— Your goal —
In this exercise, copy exactly the lines from the one that contains "New Moka Induction 4tz Black" through the end of the entries below; pictures are not copied.
Listed records START
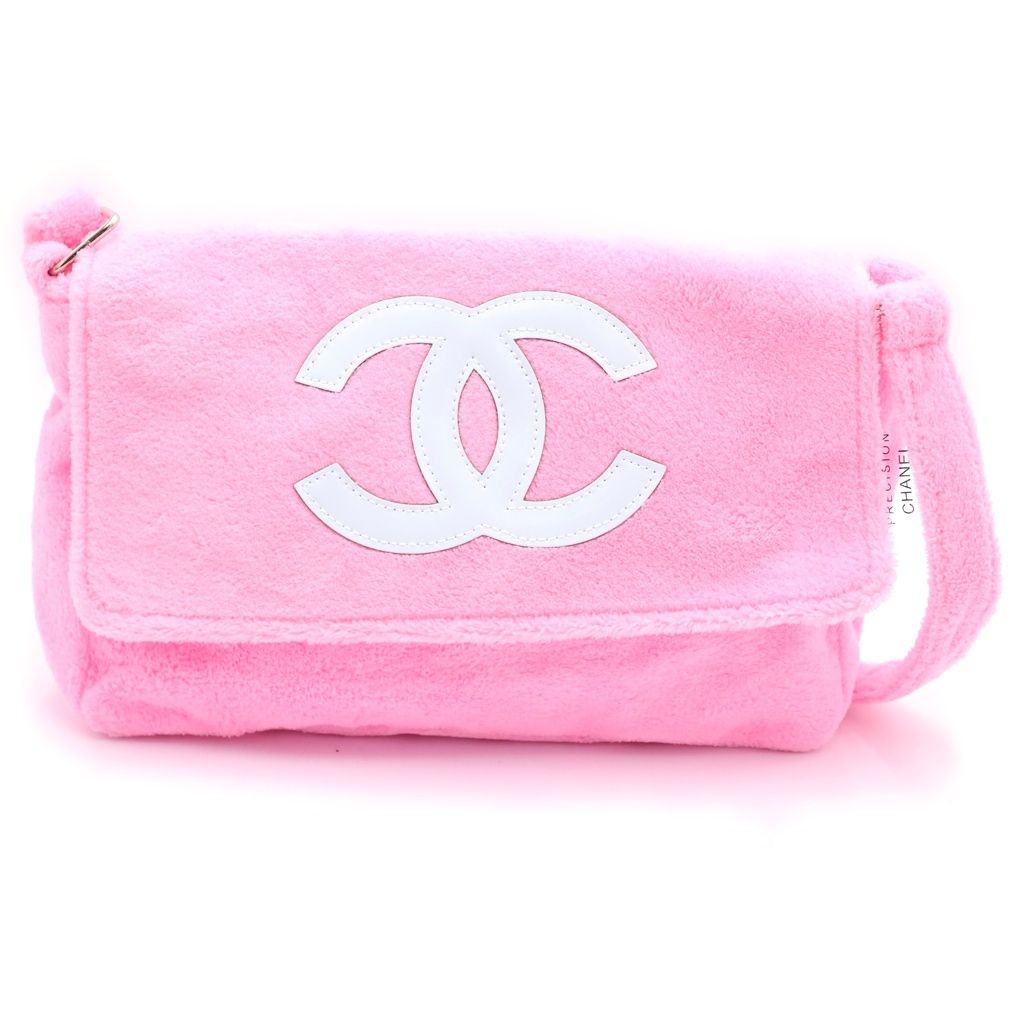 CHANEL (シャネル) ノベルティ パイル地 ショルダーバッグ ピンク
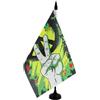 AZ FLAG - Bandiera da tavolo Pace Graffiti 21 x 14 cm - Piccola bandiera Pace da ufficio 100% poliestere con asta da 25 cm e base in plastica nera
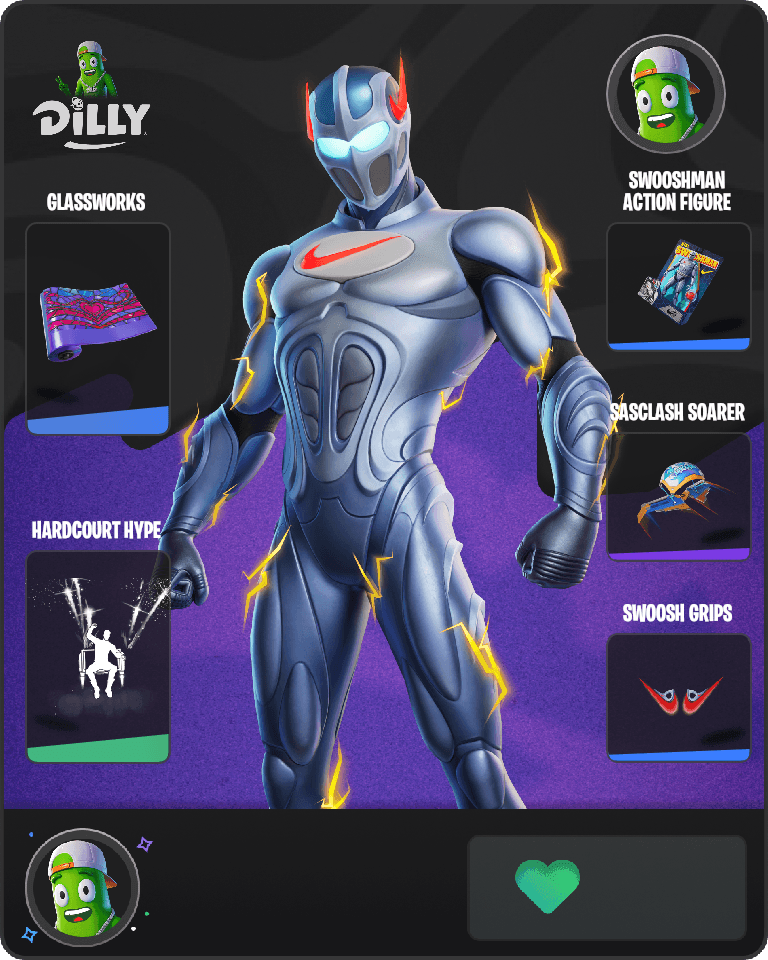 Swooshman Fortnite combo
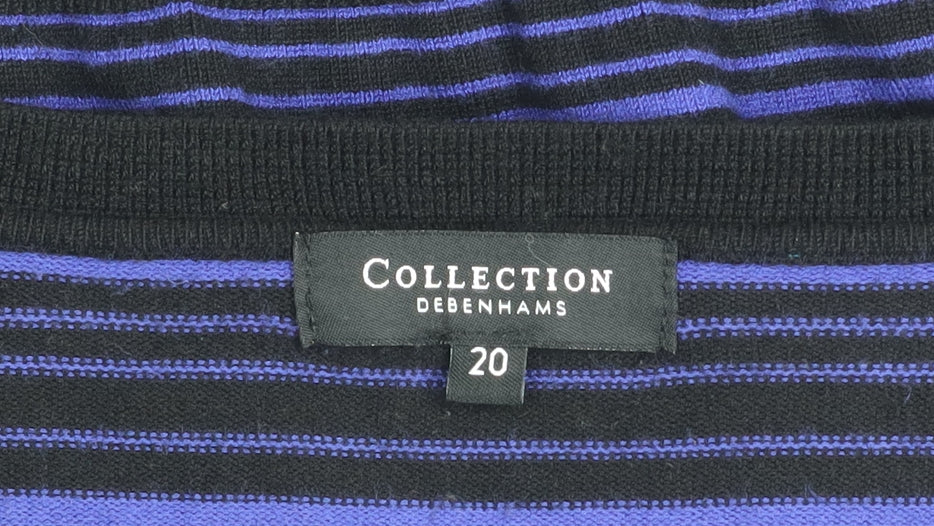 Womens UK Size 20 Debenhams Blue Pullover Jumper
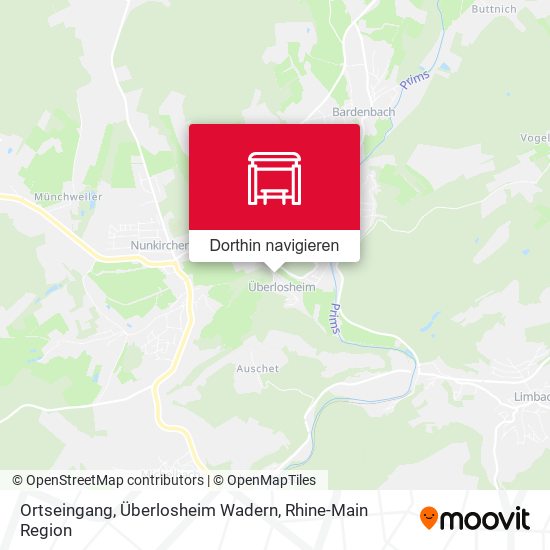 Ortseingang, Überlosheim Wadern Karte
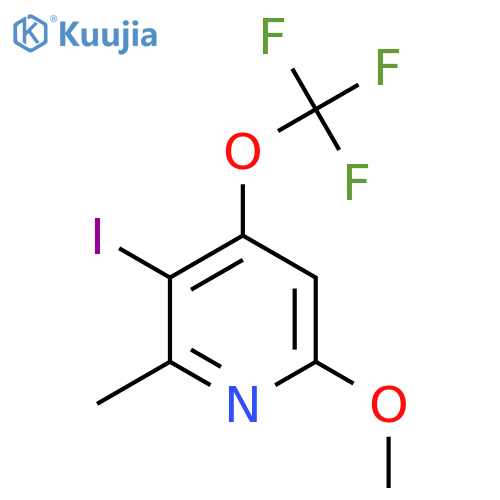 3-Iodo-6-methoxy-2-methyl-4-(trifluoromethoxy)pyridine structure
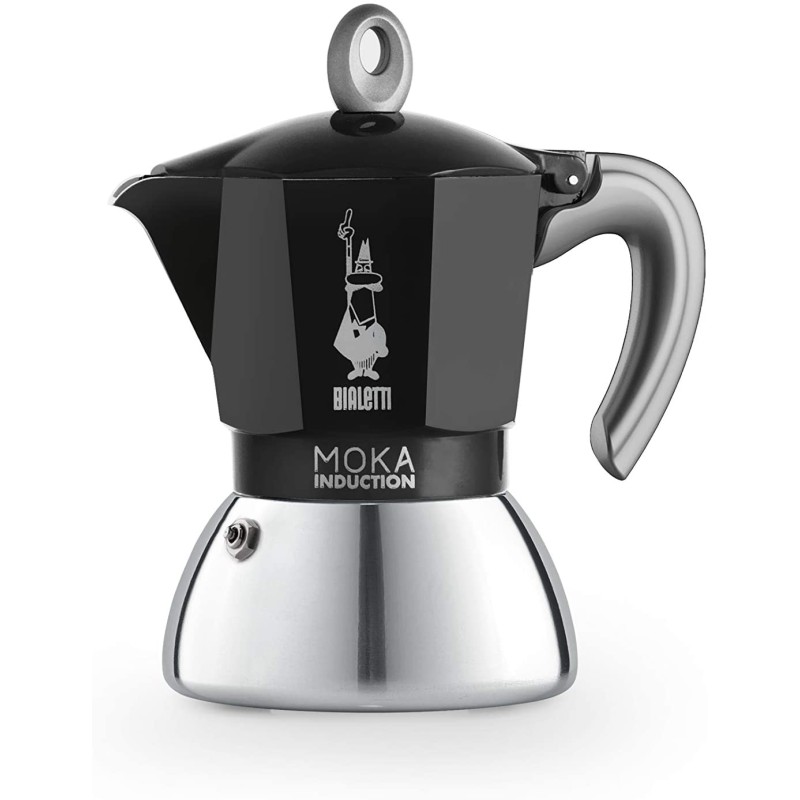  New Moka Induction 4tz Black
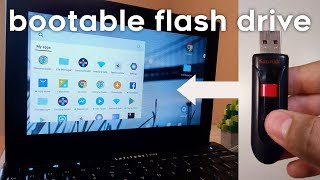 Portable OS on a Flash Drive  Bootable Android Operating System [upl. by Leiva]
Listed records END
— Reply —
  New Moka Induction 4tz Black
 Portable OS on a Flash Drive  Bootable Android Operating System [upl. by Leiva]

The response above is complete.